Severstal: no notice yet of EU duty review, Eurofer: no comment

Russian steelmaker Severstal is ready to participate in any review of the anti-dumping duty on its hot-rolled coil exports to the EU, and would be able to prove it does not resort to unfair trade practices or dumping if such a review were initiated, it said Friday.

Responding to questions from S&P Global Platts following a report this week that European steel industry body Eurofer was pushing for a review by the European Commission, Severstal said it had not received notice from any official source and did not have any insider knowledge.

A spokesman for Eurofer said: “We can offer no comment on this issue, nor confirm its veracity.”

“The original article quoted an external source, not Eurofer,” he added.

Severstal confirmed it currently pays a Eur17.60/mt duty on its HRC exports to the EU. The duty has been in place since October 2017 and is due to expire around October 2022.

Severstal received a substantially lower European import duty than that imposed on HRC from other Russian flat-rolled steel producers MMK (Eur96.50/mt) and NLMK (Eur53.30/mt).

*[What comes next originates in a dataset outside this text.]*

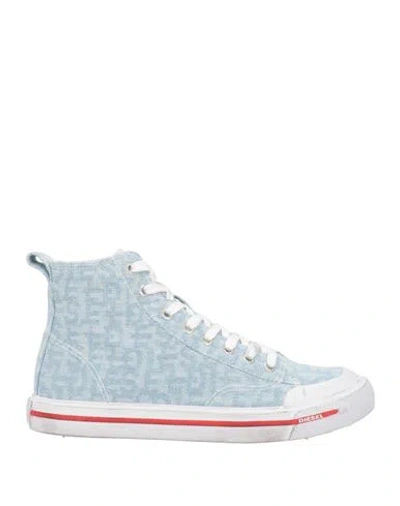 Diesel Woman Sneakers Blue Size 5 Cotton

Severstal sent 797,000 mt of steel products to the EU in January-March 2020, around 29% of its total sales in the quarter and up by 5% from Q4 2019. In the same quarter last year, exports to Europe contributed a quarter of company’s revenue, Severstal said.

A German distributor said: “I would welcome a higher duty on Severstal imports. They have been an accelerator for lower prices. Since AD was imposed, they have caused continuous disruption.”

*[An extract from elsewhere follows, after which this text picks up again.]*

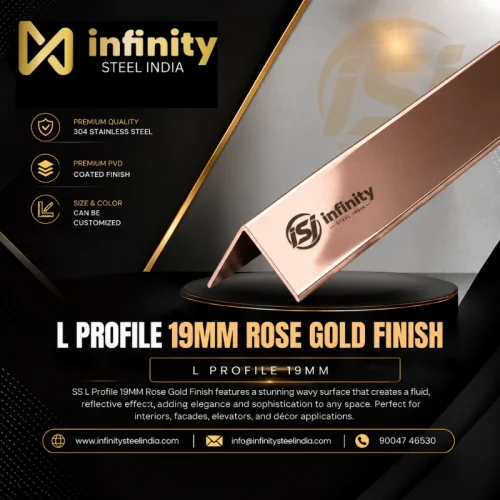 L Profile 19mm Rose Gold Finish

“The duty should be at the same level as for the other Russian steelmakers and then those extreme price swings would be limited more,” he added.

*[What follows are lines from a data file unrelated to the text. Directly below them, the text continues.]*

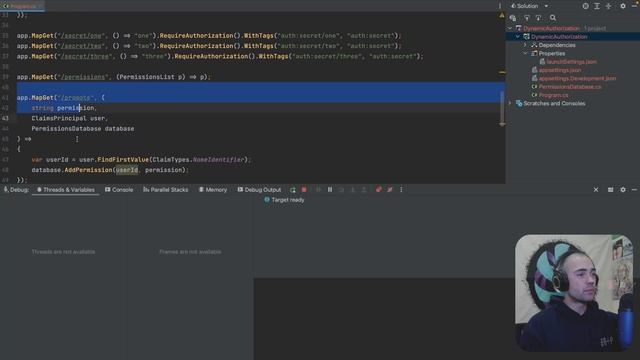 ASP.NET Core Dynamic Authorization (.NET 7 Minimal Apis C#) смотреть онлайн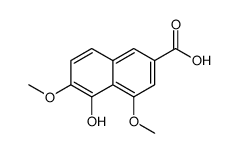 5-羟基-4,6-二甲氧基-2-萘羧酸结构式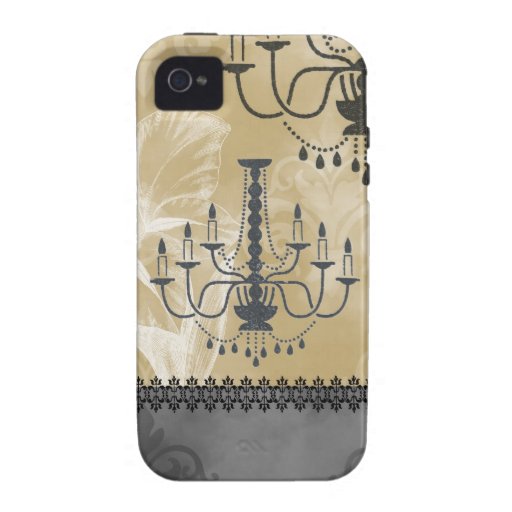 Vintage Chandelier Gladiola Case iPhone 4/4S Cover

Latest Russian import offers were heard at Eur370-375/mt CIF Antwerp, duty paid.

Russia was the second biggest HRC import source for European buyers in March after Turkey at 136,719 mt, seeing a 23% year-on-year increase, according to Eurofer. March saw EU’s total HRC imports down 40% year on year to 452,502 mt.

Although any review would likely take some time, sentiment towards market protectionism is rising in the EU given the collapse in local steel demand, and this may lead to additional export barriers, which would be similarly bad for other Russian steelmakers, according to analysts from Moscow-based BCS Investment Group.